**Task prompt**
Search the entries for the word "Used" and report each line that has it.

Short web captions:
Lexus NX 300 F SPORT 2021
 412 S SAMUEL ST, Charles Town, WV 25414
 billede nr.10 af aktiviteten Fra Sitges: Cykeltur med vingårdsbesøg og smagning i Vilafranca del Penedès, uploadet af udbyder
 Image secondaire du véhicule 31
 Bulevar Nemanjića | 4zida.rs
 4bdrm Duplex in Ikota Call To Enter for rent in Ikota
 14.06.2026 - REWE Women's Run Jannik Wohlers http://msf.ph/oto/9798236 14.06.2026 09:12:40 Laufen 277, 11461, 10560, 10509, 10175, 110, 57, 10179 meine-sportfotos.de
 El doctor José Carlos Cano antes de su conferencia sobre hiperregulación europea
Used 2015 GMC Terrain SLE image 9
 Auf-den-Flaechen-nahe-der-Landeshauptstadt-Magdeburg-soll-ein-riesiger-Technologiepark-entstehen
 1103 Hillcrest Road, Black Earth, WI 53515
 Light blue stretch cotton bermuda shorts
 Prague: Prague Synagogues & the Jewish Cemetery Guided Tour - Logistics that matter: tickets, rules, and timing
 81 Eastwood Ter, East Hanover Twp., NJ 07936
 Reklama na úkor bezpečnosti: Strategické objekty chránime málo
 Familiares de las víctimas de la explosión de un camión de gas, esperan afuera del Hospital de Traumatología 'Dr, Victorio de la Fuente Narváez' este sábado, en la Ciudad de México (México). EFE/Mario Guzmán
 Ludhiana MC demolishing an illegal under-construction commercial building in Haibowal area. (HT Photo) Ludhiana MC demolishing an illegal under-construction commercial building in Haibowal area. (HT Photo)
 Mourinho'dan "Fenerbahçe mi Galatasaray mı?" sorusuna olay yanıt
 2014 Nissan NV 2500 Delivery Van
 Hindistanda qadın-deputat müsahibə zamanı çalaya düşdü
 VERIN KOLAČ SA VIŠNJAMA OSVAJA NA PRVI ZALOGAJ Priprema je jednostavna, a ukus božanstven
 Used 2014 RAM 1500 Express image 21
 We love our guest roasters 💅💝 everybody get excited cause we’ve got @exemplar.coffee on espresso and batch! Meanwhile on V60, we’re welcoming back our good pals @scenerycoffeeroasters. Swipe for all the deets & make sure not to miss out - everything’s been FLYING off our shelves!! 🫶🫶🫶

**Task output**
Used 2015 GMC Terrain SLE image 9
 Used 2014 RAM 1500 Express image 21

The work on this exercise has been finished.